In nanodcal, DFT is used to determine device Hamiltonian H: H gives electronic states which are populated by appropriate statistical information to obtain density matrix. At equilibrium, the statistics is Fermi-Dirac. When a current flows driven by external bias voltages, NEGF is used to determine the non-equilibrium quantum statistical information. Nanodcal is implemented in real space to handle open device boundary conditions. After the NEGF-DFT self-consistent iteration is converged, quantum transport properties are determined by NEGF. Algorithm features, functional features, parallelization issues, and some example systems can be found by these links.

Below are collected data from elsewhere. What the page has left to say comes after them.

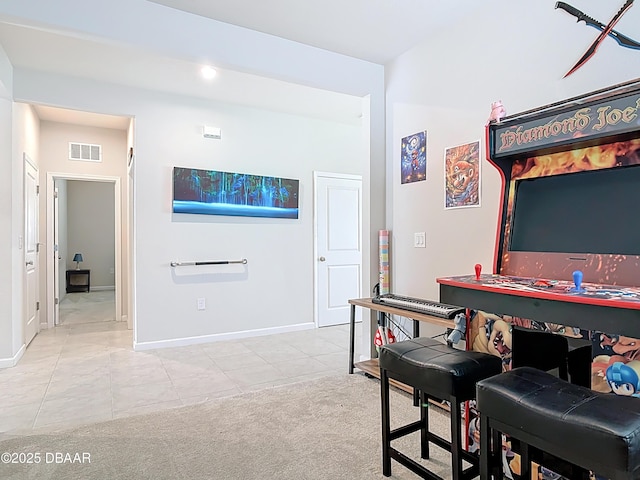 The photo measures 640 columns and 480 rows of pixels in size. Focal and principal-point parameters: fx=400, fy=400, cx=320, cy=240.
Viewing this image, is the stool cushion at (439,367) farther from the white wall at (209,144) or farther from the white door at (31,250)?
the white door at (31,250)

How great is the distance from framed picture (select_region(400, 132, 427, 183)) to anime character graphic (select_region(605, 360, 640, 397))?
1.96 metres

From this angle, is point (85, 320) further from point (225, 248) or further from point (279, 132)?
point (279, 132)

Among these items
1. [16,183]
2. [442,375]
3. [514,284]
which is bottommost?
[442,375]

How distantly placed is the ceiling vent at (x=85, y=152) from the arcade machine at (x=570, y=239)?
5243 mm

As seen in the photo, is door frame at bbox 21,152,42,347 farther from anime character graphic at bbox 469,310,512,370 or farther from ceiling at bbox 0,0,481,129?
anime character graphic at bbox 469,310,512,370

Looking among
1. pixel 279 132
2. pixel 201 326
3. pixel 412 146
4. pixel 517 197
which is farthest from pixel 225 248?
pixel 517 197

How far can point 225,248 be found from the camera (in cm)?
470

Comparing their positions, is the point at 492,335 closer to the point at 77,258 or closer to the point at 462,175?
the point at 462,175

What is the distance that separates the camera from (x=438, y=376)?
1.64 meters

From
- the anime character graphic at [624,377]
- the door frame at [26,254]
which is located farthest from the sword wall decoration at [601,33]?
the door frame at [26,254]

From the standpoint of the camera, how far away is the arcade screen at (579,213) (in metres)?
1.72

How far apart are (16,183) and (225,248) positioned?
6.89 feet

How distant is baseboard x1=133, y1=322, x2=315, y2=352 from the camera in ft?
13.9

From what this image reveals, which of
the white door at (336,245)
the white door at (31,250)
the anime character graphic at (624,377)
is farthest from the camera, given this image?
the white door at (336,245) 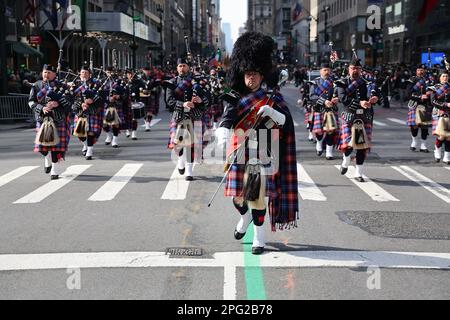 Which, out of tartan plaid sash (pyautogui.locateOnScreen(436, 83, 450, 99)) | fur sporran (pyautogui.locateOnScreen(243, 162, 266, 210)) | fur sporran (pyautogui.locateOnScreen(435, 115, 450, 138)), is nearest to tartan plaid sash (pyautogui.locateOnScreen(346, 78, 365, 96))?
tartan plaid sash (pyautogui.locateOnScreen(436, 83, 450, 99))

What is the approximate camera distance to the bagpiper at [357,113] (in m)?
10.8

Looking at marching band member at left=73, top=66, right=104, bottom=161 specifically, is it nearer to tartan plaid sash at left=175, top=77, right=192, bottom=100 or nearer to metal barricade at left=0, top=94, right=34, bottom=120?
Answer: tartan plaid sash at left=175, top=77, right=192, bottom=100

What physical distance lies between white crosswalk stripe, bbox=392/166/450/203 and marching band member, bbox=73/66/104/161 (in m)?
6.56

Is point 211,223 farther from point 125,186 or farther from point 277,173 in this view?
point 125,186

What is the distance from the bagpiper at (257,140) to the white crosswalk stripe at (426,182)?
4.02m

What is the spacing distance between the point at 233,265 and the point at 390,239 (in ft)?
6.95

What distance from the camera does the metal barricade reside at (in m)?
23.3

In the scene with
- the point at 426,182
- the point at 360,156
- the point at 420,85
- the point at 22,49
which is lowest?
the point at 426,182

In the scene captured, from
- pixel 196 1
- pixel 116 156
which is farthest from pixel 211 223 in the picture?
pixel 196 1

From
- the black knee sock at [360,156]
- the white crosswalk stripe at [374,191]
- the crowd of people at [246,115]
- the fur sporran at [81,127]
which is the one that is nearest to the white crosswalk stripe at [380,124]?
the crowd of people at [246,115]

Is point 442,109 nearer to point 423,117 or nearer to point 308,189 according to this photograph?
point 423,117

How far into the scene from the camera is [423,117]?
47.6 ft

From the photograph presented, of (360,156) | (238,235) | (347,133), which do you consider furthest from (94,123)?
(238,235)

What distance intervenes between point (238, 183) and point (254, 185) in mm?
201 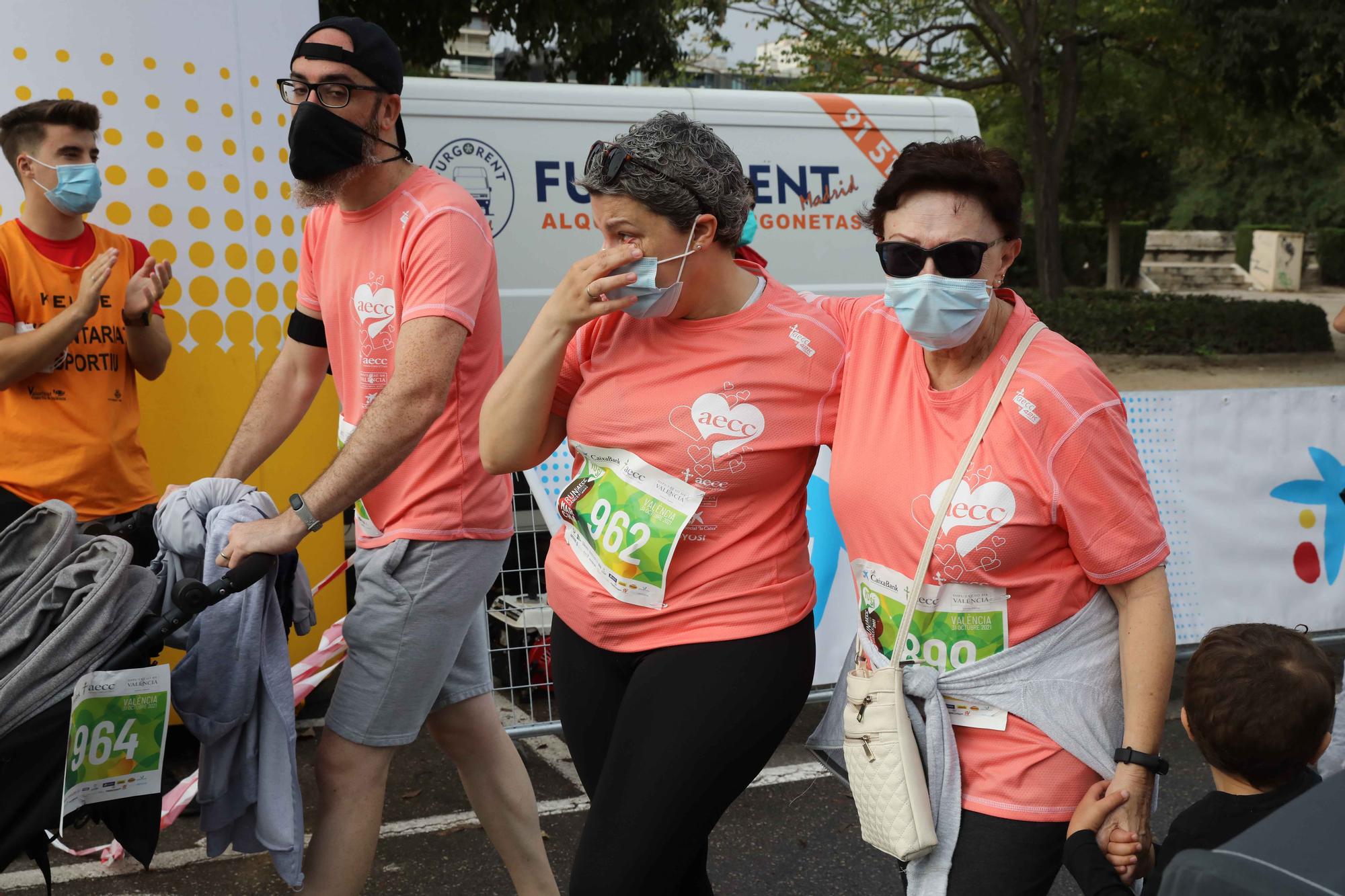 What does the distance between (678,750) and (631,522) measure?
0.44 m

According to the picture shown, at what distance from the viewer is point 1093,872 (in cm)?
211

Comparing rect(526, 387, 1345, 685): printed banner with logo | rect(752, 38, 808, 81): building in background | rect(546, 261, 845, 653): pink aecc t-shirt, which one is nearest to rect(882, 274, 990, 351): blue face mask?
rect(546, 261, 845, 653): pink aecc t-shirt

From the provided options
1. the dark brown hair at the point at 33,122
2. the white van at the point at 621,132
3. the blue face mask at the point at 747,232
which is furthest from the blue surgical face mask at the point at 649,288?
the white van at the point at 621,132

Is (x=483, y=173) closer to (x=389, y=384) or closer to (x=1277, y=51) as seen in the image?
(x=389, y=384)

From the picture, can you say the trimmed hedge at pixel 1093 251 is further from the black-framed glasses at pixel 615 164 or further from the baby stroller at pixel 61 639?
the baby stroller at pixel 61 639

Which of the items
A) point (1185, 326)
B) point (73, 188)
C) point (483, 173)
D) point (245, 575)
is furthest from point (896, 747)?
point (1185, 326)

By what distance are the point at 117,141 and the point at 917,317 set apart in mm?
3535

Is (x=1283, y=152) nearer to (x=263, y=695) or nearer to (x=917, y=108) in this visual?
(x=917, y=108)

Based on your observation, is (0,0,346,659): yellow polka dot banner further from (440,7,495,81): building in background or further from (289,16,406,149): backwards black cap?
(440,7,495,81): building in background

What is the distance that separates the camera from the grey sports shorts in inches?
122

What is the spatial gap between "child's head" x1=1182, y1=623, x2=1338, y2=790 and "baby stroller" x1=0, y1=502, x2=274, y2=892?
1845mm

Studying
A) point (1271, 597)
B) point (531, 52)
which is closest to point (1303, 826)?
point (1271, 597)

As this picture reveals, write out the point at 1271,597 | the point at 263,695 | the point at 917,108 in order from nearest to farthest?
1. the point at 263,695
2. the point at 1271,597
3. the point at 917,108

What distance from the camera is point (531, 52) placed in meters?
13.6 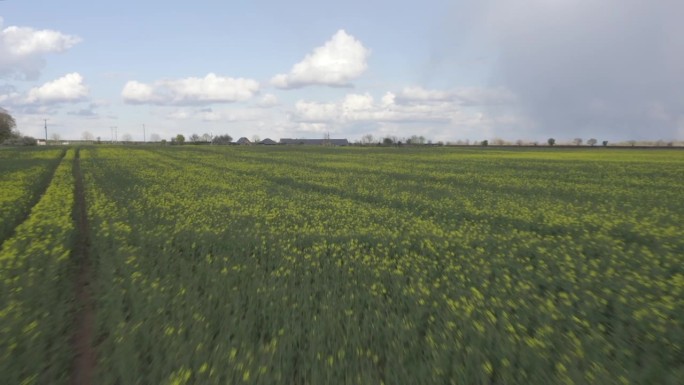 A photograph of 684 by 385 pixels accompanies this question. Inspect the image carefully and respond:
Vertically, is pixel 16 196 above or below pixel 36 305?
above

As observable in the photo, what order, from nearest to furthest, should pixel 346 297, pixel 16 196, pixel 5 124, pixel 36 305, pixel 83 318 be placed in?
pixel 83 318, pixel 346 297, pixel 36 305, pixel 16 196, pixel 5 124

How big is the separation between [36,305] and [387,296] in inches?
251

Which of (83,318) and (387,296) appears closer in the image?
(83,318)

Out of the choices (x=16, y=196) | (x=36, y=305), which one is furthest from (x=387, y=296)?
(x=16, y=196)

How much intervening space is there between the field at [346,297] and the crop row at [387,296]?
0.12 ft

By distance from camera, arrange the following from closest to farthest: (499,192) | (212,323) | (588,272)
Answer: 1. (212,323)
2. (588,272)
3. (499,192)

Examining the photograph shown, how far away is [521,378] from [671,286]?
5.59 metres

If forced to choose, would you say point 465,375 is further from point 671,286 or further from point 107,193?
point 107,193

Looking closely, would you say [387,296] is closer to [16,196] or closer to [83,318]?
[83,318]

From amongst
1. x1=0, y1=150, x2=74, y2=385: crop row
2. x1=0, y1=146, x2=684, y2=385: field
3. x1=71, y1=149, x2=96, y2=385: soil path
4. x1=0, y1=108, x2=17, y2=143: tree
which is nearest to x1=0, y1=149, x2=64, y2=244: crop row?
x1=0, y1=146, x2=684, y2=385: field

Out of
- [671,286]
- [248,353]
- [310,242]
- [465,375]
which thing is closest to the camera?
[465,375]

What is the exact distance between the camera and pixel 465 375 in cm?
539

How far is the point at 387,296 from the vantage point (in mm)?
8211

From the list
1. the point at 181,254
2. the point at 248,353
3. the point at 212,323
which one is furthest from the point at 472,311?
the point at 181,254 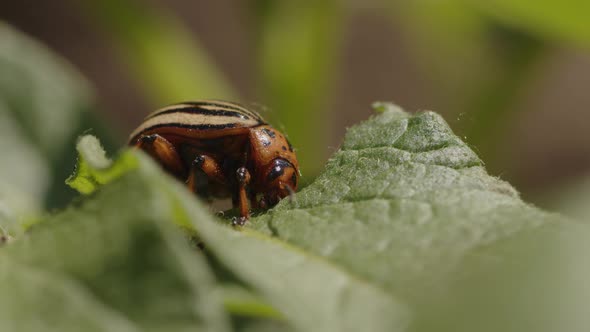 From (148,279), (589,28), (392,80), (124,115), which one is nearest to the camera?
(148,279)

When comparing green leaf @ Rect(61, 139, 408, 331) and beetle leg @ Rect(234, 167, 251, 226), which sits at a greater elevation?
beetle leg @ Rect(234, 167, 251, 226)

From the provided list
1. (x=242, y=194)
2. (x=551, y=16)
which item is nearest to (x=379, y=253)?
(x=242, y=194)

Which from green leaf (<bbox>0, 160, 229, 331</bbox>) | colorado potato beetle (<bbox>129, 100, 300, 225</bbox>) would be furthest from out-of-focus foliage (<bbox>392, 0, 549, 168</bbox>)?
green leaf (<bbox>0, 160, 229, 331</bbox>)

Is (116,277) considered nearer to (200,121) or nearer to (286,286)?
(286,286)

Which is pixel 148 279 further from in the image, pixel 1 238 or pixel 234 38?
pixel 234 38

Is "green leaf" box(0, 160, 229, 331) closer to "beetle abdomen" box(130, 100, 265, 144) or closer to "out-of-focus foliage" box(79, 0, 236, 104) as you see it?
"beetle abdomen" box(130, 100, 265, 144)

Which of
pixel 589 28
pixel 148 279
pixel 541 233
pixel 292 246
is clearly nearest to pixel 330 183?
pixel 292 246

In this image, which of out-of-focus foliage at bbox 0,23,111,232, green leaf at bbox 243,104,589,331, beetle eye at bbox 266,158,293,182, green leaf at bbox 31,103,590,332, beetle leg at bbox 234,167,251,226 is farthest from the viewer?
out-of-focus foliage at bbox 0,23,111,232

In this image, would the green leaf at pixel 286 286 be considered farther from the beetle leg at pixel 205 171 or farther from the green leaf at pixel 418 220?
the beetle leg at pixel 205 171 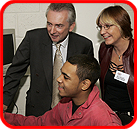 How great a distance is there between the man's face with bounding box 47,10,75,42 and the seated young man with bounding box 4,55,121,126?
1.19ft

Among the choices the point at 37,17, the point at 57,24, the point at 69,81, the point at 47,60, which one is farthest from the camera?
the point at 37,17

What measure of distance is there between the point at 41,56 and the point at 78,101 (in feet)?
1.83

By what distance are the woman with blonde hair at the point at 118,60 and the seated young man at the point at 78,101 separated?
1.48ft

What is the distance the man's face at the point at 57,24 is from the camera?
1503 mm

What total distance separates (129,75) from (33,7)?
121 centimetres

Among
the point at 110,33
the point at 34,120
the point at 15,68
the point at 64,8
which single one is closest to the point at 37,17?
the point at 64,8

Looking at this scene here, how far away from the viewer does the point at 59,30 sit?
1524 millimetres

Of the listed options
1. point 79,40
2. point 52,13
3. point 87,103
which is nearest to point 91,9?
point 79,40

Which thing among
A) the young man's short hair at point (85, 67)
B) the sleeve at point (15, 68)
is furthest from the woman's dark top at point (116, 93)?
the sleeve at point (15, 68)

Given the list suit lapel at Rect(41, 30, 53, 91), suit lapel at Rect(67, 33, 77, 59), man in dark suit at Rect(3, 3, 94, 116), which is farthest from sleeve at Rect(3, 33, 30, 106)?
suit lapel at Rect(67, 33, 77, 59)

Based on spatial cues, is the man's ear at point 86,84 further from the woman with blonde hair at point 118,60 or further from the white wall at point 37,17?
the white wall at point 37,17

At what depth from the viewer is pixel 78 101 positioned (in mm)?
1298

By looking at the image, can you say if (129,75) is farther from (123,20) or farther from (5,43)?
(5,43)

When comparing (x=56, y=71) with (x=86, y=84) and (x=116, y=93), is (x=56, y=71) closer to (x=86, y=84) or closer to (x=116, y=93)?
(x=86, y=84) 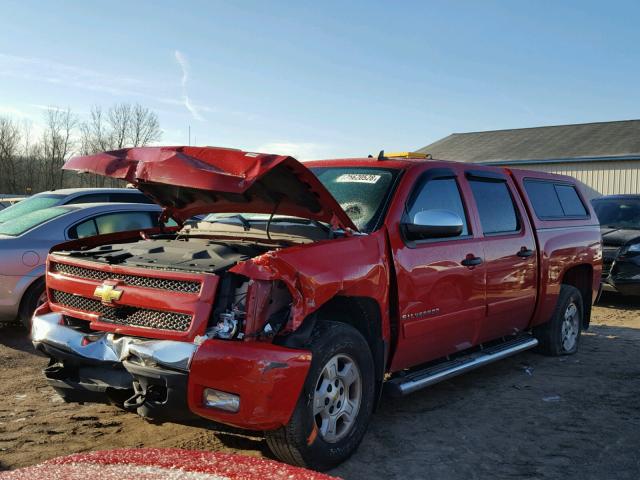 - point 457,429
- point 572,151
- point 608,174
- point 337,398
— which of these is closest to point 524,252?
point 457,429

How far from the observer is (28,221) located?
7555 millimetres

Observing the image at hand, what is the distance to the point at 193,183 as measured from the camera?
3738 mm

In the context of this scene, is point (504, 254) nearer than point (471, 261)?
No

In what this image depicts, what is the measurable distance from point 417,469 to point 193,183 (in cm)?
218

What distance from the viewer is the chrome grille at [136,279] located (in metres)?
3.60

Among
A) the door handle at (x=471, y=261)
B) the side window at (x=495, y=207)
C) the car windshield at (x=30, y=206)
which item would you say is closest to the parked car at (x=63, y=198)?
the car windshield at (x=30, y=206)

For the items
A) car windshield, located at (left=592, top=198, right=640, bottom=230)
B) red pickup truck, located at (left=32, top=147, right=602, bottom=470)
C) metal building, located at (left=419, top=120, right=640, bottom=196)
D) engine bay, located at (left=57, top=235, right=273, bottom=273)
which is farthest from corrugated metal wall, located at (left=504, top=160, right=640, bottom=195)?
engine bay, located at (left=57, top=235, right=273, bottom=273)

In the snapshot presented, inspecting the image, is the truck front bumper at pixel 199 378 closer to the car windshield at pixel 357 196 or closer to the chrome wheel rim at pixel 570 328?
the car windshield at pixel 357 196

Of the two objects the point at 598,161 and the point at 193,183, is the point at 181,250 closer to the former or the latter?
the point at 193,183

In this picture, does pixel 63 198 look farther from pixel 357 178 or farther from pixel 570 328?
pixel 570 328

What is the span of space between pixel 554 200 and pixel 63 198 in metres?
6.39

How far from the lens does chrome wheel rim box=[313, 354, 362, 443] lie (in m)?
3.77

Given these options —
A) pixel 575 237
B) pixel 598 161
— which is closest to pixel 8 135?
pixel 598 161

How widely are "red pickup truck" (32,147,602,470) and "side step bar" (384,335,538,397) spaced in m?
0.02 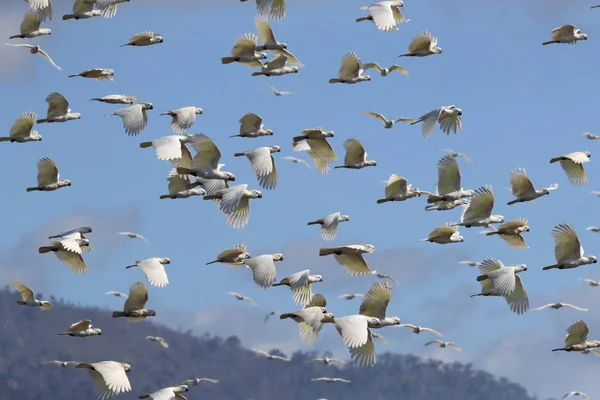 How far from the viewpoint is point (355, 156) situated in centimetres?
6512

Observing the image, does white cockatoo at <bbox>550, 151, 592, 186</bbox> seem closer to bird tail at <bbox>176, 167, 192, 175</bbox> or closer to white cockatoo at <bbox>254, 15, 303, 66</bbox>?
white cockatoo at <bbox>254, 15, 303, 66</bbox>

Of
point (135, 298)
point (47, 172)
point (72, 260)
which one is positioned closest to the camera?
point (135, 298)

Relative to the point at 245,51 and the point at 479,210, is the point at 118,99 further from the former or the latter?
the point at 479,210

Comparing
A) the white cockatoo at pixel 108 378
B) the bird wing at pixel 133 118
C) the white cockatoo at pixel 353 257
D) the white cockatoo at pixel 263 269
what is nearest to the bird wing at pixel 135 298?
the white cockatoo at pixel 263 269

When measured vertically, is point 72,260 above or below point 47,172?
below

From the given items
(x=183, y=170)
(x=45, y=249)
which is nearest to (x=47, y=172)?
(x=45, y=249)

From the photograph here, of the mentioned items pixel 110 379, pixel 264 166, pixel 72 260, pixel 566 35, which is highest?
pixel 566 35

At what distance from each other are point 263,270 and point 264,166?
3.90 m

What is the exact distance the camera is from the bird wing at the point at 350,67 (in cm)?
6569

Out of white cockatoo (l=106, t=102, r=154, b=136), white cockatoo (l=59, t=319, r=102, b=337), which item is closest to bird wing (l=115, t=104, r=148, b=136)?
white cockatoo (l=106, t=102, r=154, b=136)

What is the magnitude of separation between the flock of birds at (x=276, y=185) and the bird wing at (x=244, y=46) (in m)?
0.04

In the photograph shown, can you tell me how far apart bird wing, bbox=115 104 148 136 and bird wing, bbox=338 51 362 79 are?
33.9ft

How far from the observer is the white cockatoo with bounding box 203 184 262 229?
188 ft

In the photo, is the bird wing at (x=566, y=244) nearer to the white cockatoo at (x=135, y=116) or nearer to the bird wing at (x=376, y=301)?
the bird wing at (x=376, y=301) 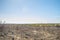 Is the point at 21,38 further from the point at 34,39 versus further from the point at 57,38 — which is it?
the point at 57,38

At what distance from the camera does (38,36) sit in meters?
7.41

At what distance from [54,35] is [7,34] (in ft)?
11.0

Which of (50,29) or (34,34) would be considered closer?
(34,34)

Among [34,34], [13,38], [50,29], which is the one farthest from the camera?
[50,29]

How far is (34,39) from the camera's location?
282 inches

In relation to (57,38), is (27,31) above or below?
above

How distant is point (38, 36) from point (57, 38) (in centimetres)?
134

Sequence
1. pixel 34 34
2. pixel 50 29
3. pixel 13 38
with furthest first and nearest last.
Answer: pixel 50 29 < pixel 34 34 < pixel 13 38

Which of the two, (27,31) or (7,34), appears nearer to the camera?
(7,34)

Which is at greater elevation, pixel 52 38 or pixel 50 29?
pixel 50 29

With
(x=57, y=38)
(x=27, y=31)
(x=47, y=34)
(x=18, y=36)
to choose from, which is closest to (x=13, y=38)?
(x=18, y=36)

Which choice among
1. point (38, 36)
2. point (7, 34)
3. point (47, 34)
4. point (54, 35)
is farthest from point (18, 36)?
point (54, 35)

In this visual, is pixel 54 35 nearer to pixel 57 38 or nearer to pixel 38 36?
pixel 57 38

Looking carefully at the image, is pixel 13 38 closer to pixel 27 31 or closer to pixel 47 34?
pixel 27 31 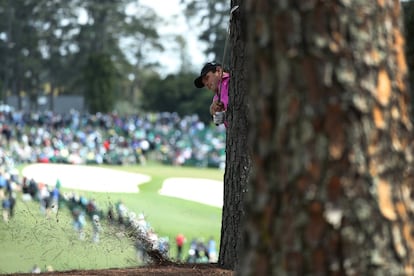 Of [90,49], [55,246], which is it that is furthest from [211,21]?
[55,246]

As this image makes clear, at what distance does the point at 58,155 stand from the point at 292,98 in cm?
2555

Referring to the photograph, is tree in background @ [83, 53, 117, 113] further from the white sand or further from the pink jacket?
the pink jacket

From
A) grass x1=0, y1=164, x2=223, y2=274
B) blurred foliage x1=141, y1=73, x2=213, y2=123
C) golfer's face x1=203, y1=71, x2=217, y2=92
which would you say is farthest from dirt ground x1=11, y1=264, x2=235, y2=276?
blurred foliage x1=141, y1=73, x2=213, y2=123

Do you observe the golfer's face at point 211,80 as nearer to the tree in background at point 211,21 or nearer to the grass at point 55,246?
the grass at point 55,246

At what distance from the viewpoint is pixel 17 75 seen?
49.5m

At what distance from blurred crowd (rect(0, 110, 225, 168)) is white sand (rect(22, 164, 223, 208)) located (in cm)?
405

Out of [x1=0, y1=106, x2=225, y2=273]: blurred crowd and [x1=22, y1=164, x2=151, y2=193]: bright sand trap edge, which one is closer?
[x1=22, y1=164, x2=151, y2=193]: bright sand trap edge

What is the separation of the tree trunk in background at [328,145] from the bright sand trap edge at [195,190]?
1618cm

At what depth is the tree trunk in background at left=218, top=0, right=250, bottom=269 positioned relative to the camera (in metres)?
5.54

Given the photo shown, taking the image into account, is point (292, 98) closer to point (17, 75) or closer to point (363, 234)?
point (363, 234)

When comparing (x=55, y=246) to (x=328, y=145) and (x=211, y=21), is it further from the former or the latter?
(x=211, y=21)

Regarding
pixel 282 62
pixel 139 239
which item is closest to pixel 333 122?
pixel 282 62

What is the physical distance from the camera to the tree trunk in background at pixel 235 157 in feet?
18.2

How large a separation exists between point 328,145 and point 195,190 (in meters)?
18.2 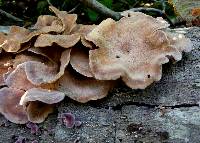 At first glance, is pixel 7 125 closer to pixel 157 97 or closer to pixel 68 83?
pixel 68 83

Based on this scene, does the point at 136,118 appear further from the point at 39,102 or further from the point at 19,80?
the point at 19,80

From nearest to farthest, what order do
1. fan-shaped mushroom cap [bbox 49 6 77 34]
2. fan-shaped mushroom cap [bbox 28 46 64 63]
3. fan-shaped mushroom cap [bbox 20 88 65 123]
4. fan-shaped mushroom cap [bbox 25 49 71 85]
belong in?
1. fan-shaped mushroom cap [bbox 20 88 65 123]
2. fan-shaped mushroom cap [bbox 25 49 71 85]
3. fan-shaped mushroom cap [bbox 28 46 64 63]
4. fan-shaped mushroom cap [bbox 49 6 77 34]

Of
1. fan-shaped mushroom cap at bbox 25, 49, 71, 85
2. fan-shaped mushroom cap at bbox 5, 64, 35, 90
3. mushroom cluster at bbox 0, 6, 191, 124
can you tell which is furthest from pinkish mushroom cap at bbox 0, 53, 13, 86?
fan-shaped mushroom cap at bbox 25, 49, 71, 85

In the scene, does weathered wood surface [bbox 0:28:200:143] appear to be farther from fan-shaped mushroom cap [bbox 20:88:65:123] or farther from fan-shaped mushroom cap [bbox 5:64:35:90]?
fan-shaped mushroom cap [bbox 5:64:35:90]

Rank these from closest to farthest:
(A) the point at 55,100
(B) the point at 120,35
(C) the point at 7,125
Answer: (A) the point at 55,100, (C) the point at 7,125, (B) the point at 120,35

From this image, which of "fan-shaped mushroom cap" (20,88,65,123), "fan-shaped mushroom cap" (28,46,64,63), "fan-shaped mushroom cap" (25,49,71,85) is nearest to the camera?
"fan-shaped mushroom cap" (20,88,65,123)

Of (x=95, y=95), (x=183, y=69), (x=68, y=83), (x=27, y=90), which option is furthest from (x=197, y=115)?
(x=27, y=90)

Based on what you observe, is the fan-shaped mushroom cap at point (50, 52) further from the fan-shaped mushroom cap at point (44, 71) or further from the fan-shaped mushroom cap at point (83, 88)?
the fan-shaped mushroom cap at point (83, 88)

In nanodcal, physical quantities are expanded in linear combination of atomic orbitals (LCAO) and atomic cores are defined by norm conserving nonlocal pseudopotentials. The LCAO basis and its associated pseudopotentials have been generated by a separate atomic package nanobase. A standard set of these functions are provided by nanodcal, but users are strongly encouraged to use nanobasis to generate basis functions according to specific chemical environment of an application. The current version of nanodcal (ver.1.0.0) implements LDA, LSDA and various GGA exchange-correlation functionals. A fully non-collinear LSDA method has also been included but will be released in a slightly later update. Please read more about features of nanodcal.
Nanodcal is implemented with Matlab and computationally intensive parts with C. In order to use the API of nanodcal for further developments, for instance adding your own external potential to the Hamiltonian, a basic version of Matlab should be installed in your computer. A subset of MPICH2 has been implemented in nanodcal for parallel computation. MPICH2 must be installed before parrallel features can be used.